[[ Information supplied, beginning ]]

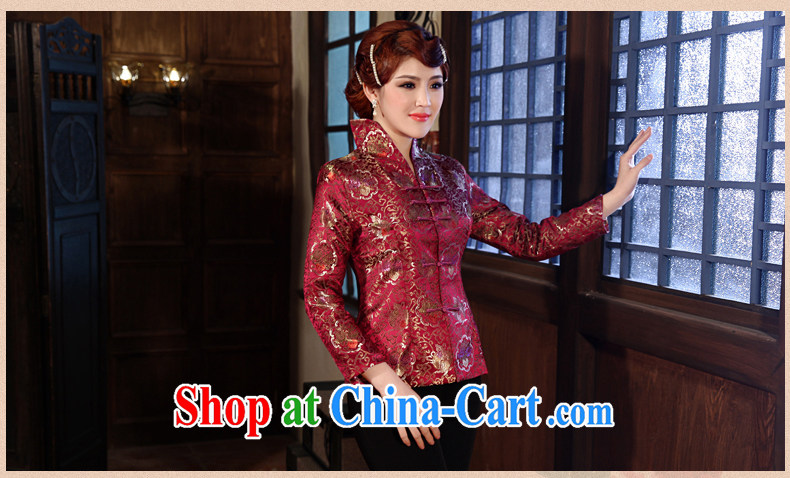 2014 spring new spring loaded Tang blouses stylish improved jacket spring mauve 3 XL pictures, price, brand platters! Elections are good character, the national distribution, so why buy now enjoy more preferential! Health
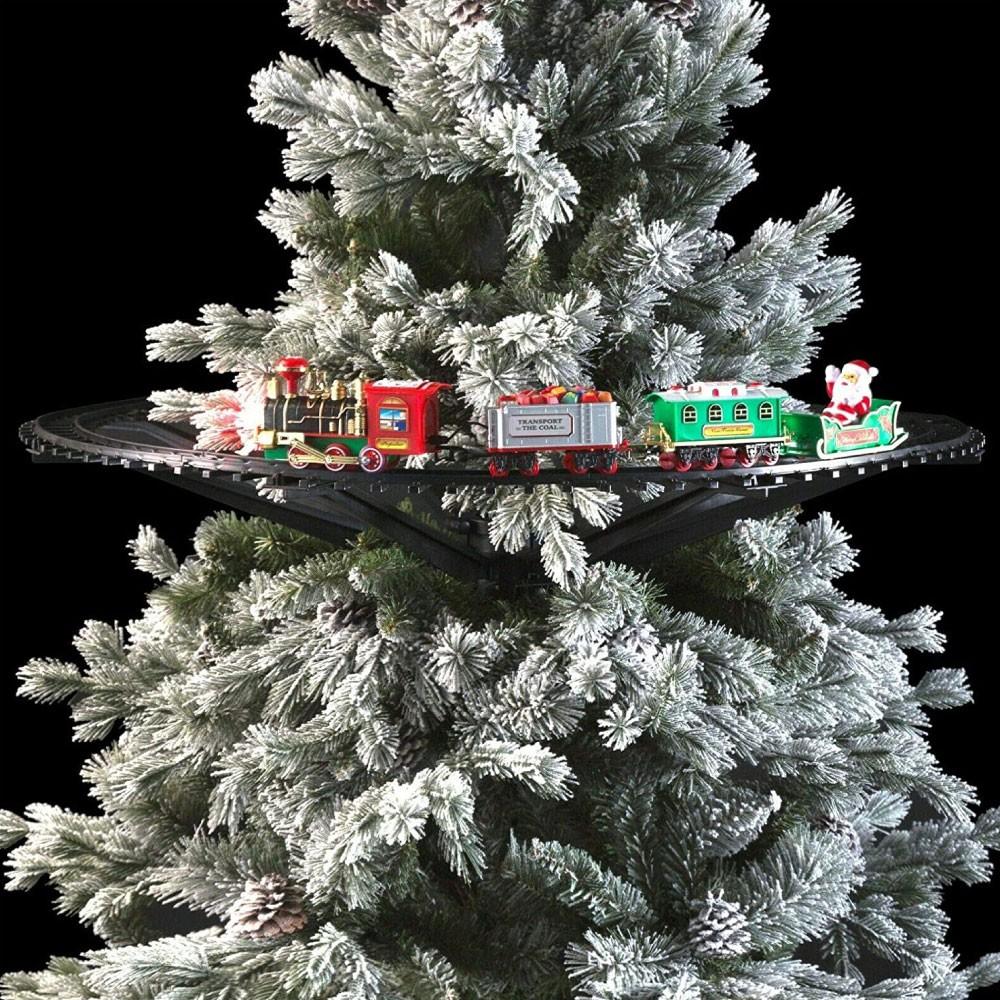Trenino albero di natale, trenino di babbo natale - Image 5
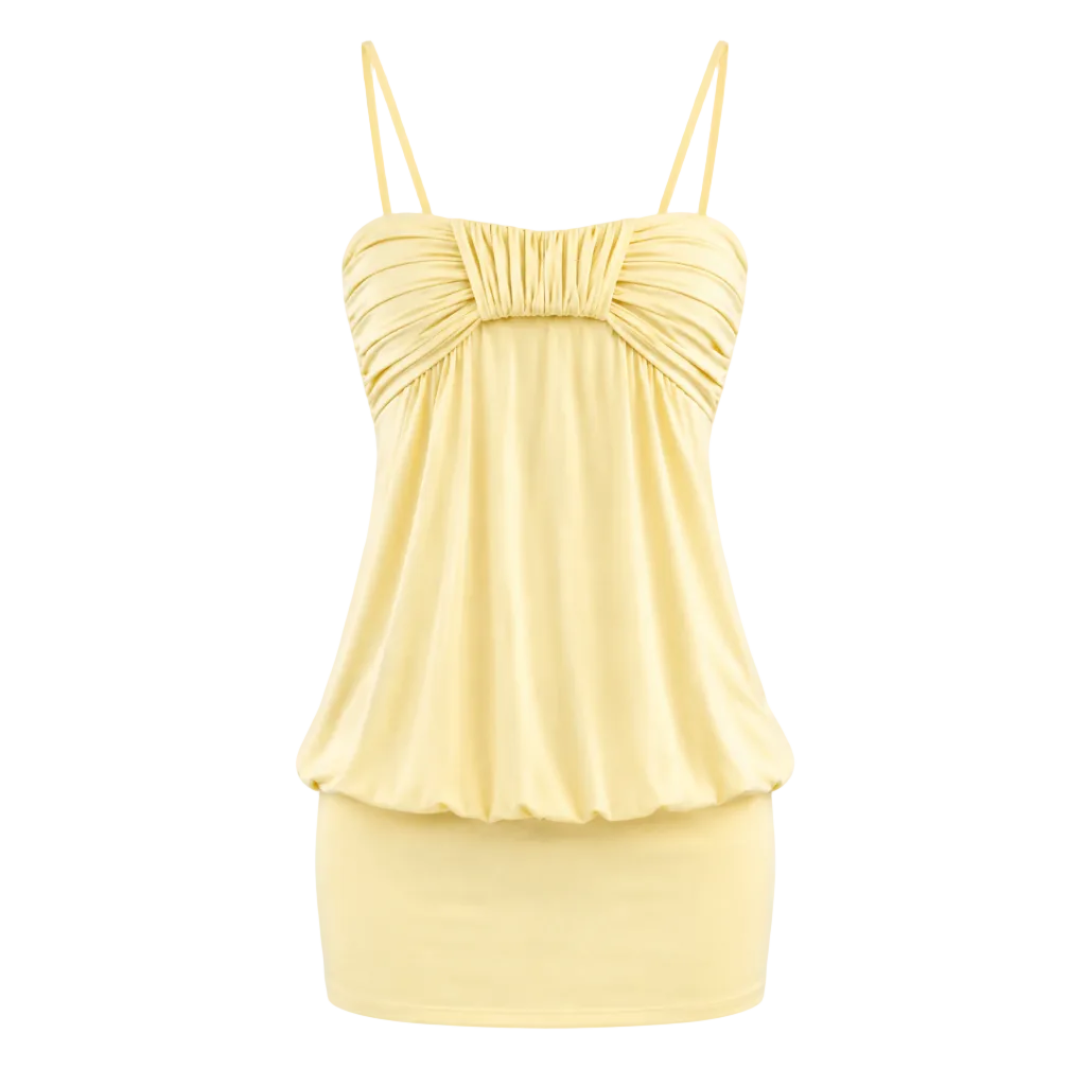 Y2K Ruched Halter Mini Dress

[[ Information supplied, end ]]

What to work on:
Each line above is to be duplicated exactly, and the pictures are to be omitted.

Result:
 2014 spring new spring loaded Tang blouses stylish improved jacket spring mauve 3 XL pictures, price, brand platters! Elections are good character, the national distribution, so why buy now enjoy more preferential! Health
Trenino albero di natale, trenino di babbo natale - Image 5
 Y2K Ruched Halter Mini Dress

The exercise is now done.